Dan kali ini, jika aku menang dan seharusnya memang aku, sebagai gantinya dia
akan menyerahkan jalangnya untuk menghabiskan malam yang menyenangkan
bersamaku. Well, gadis yang kuketahui
bernama Amisa Bowie itu menangis tersedu. Kurasa dia adalah salah satu dari
gadis paling bodoh di dunia ini karena dengan mudahnya dia mau menjadi pemuas
nafsu pria bajingan yang lebih brengsek dari pada aku.
Aku
adalah bad boy paling tampan dan paling diinginkan di semua penjuru kota New
York ini. Pesonaku sudah mengalahkan aktor-aktor papan atas Hollywood. Aku
menambah kelajuan kecepatanku saat mengintip dari kaca spion kecilku, dia tak
akan pernah kuberi kesempatan untuk berlaku curang padaku atau mungkin menyusul
kecepatanku di arena balapan. Aku memiliki orang-orang yang kupercaya tentu
saja untuk mengecek apakah ada kecurangan di arena. Sejujurnya yang melakukan
kelicikan seperti itu hanya seorang pegecut, itu tanda jika dia mengakui
dirinya tak mampu melawan musuh. Tapi, Aidan belum pernah satu kali pun berlaku
curang setiap kali ia menantangku untuk balapan dengannya.
Mataku
bersinar terang saat melihat garis pinis sudah ada di depan mata. Aku kembali
menambah kecepatan motorku, sekali lagi aku melirik kaca spionku dan lantas
menemukan si brengsek itu sedang berusaha untuk menyusulku. Tidak semudah itu,
Mama’s boy.
Semua
orang berteriak menyerukan namaku saat dengan mulus aku melewati garis pinis.

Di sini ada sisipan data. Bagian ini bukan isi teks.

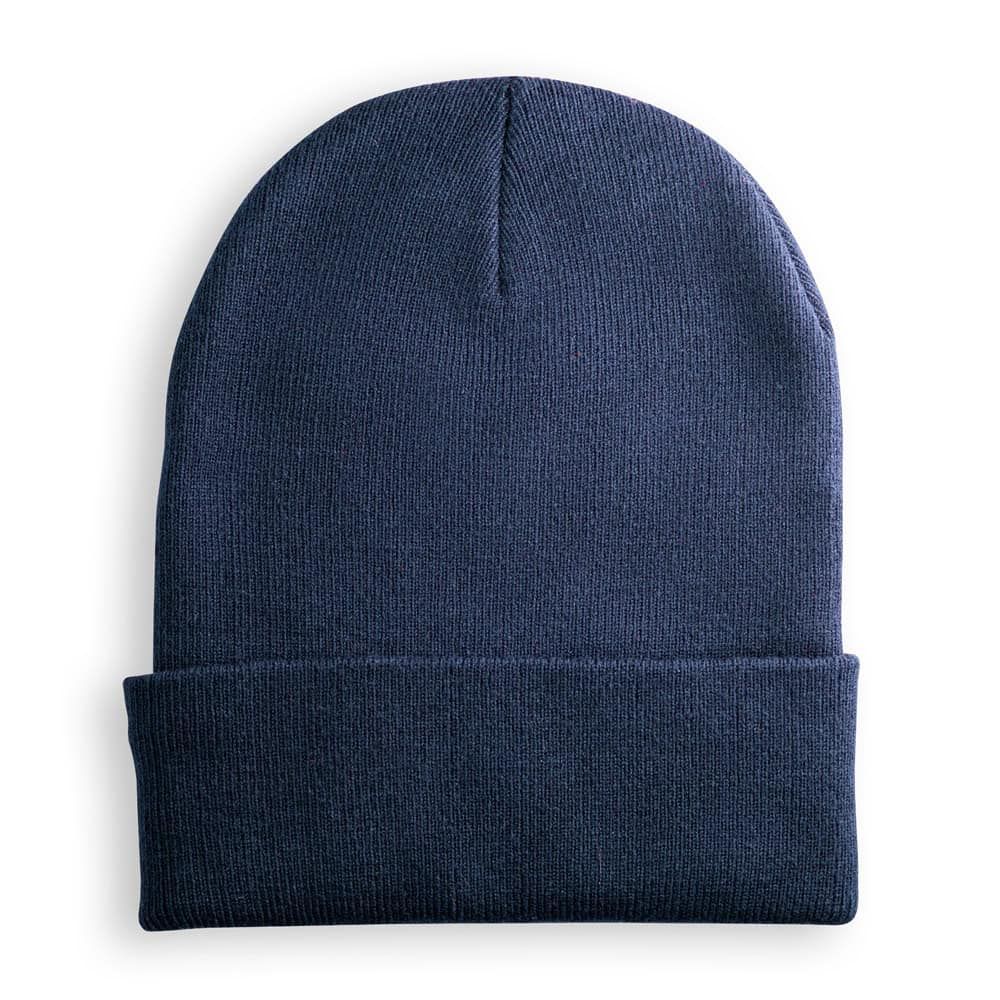 CARL. återvunnen polyester (100% rPET) unisex mössa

Oh, aku lupa mengatakan jika aku memenangkan lime belas juta di pertandingan
ini. Aku melompat turun dari motorku dan lantas melepas helmku. Aku tersenyum
tipis saat nyaris semua gadis di sini meneriakkan namaku. Ryan berjalan
menghampiriku dan melemparkan amplop tebal yang tentu saja itu adalah bayaranku
malam ini.
“Kau
memang pantas diberi julukkan sebagai raja lintasan, Justin. Kau belum pernah
terkalahkan. Dan sangat menguntungkan memilikkimu di timku,” dia berujar dengan
senyuman lebar di wajahnya. Pria ini sudah memasukki kepala empat, tapi belum
ingin keluar dari dunia malam yang berbahaya ini. “Aku juga senang bisa ada di
sini.” Aku melangkah meninggalkannya, mencoba mencari keberadaan pecundang
Aidan, tapi mataku justru menangkap senyuman familiar yang terekam dengan baik
di pikiranku, bahkan aku selalu berharap untuk bisa kembali melihat senyuman
itu. Dia, gadis itu. Dengan pasti, aku kembali melangkah dan berhenti tepat di
hadapannya. Dia tampak mencolok dengan pakaiannya yang tertutup dan sangat
berbeda dengan kebanyakkan gadis yang ada di sini. Tawanya terhenti saat
matanya melihatku.
Bahkan
hanya dengan bertemu tatap, aku bisa merasakan getaran aneh di dalam diriku.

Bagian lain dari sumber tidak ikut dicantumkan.